• To do
Could you repeat the whole listing below exactly, omitting any picture it holds?

-------- Entries shown

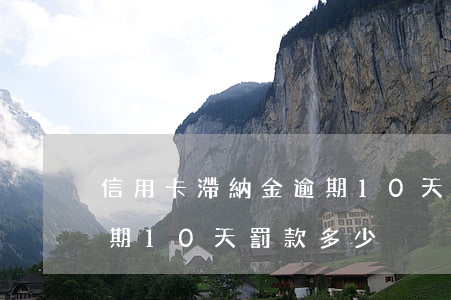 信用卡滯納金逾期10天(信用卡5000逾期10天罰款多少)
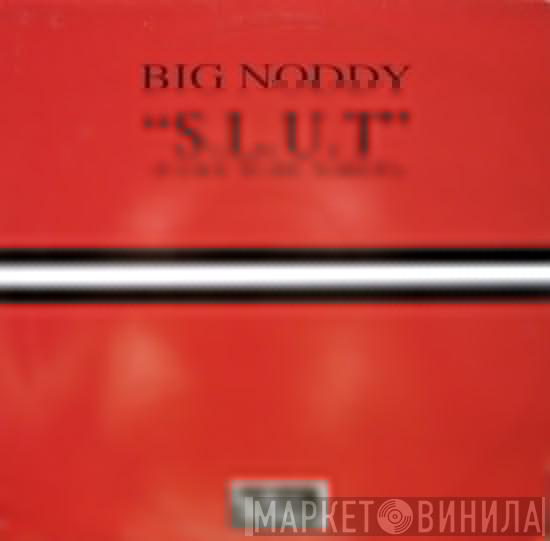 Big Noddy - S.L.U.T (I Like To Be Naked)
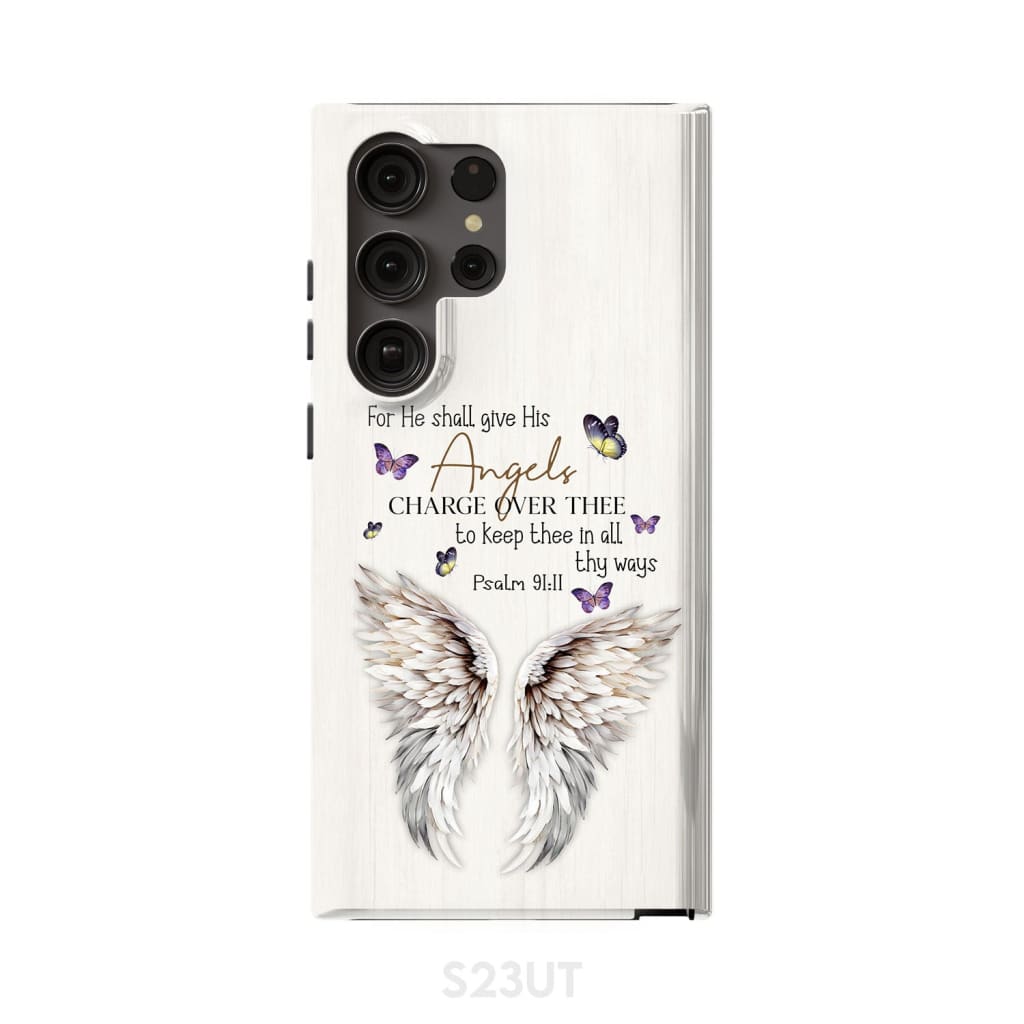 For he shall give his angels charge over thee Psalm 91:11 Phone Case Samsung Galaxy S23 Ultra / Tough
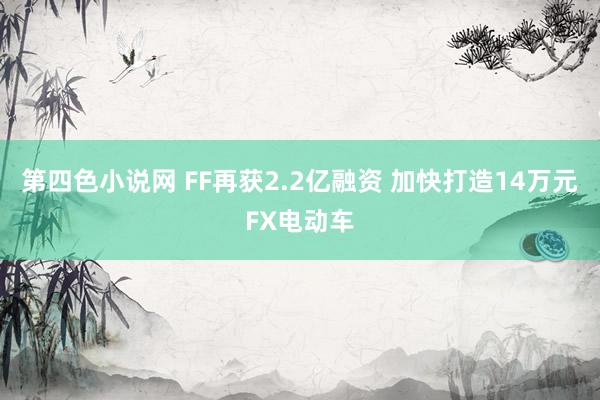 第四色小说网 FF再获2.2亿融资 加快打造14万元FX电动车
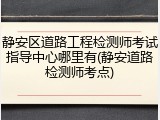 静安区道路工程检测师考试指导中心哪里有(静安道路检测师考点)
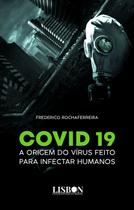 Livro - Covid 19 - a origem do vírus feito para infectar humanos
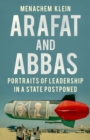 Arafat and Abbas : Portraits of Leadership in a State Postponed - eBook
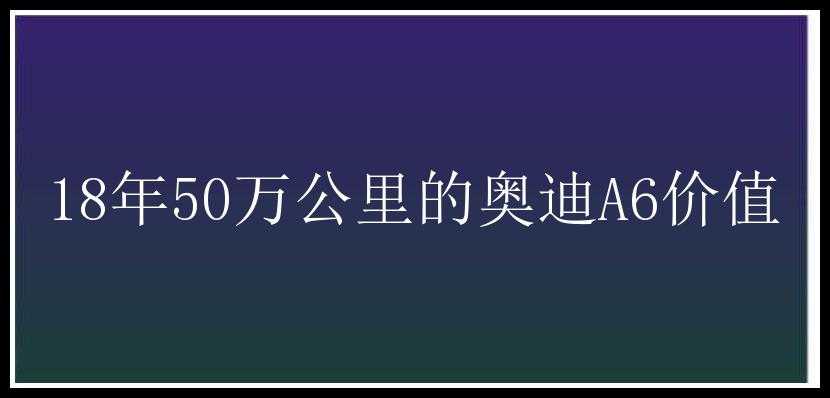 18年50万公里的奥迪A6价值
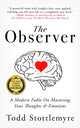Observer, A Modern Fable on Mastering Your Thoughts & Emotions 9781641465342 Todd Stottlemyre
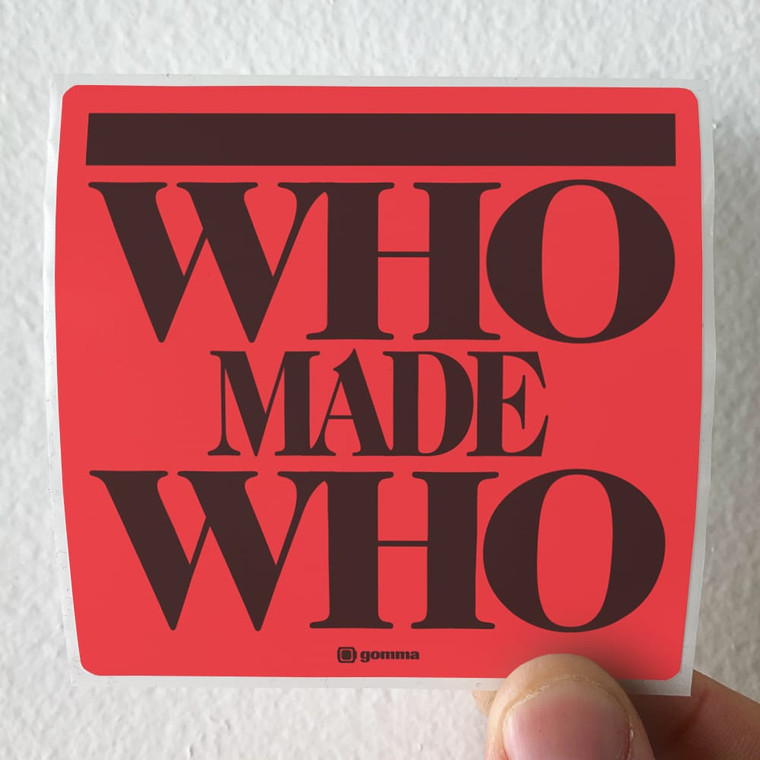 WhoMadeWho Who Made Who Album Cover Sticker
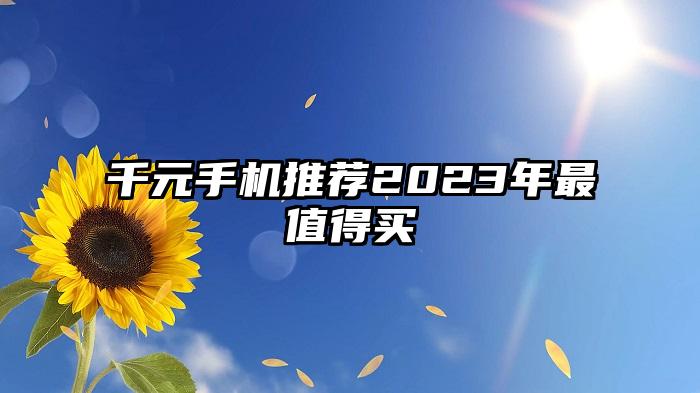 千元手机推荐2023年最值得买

----------------

• Solution to this exercise
 信用卡滯納金逾期10天(信用卡5000逾期10天罰款多少)
 Big Noddy - S.L.U.T (I Like To Be Naked)
 For he shall give his angels charge over thee Psalm 91:11 Phone Case Samsung Galaxy S23 Ultra / Tough
 第四色小说网 FF再获2.2亿融资 加快打造14万元FX电动车
 静安区道路工程检测师考试指导中心哪里有(静安道路检测师考点)
 Livro - Covid 19 - a origem do vírus feito para infectar humanos
 Arafat and Abbas : Portraits of Leadership in a State Postponed - eBook
 18年50万公里的奥迪A6价值
Observer, A Modern Fable on Mastering Your Thoughts & Emotions 9781641465342 Todd Stottlemyre
 WhoMadeWho Who Made Who Album Cover Sticker
 千元手机推荐2023年最值得买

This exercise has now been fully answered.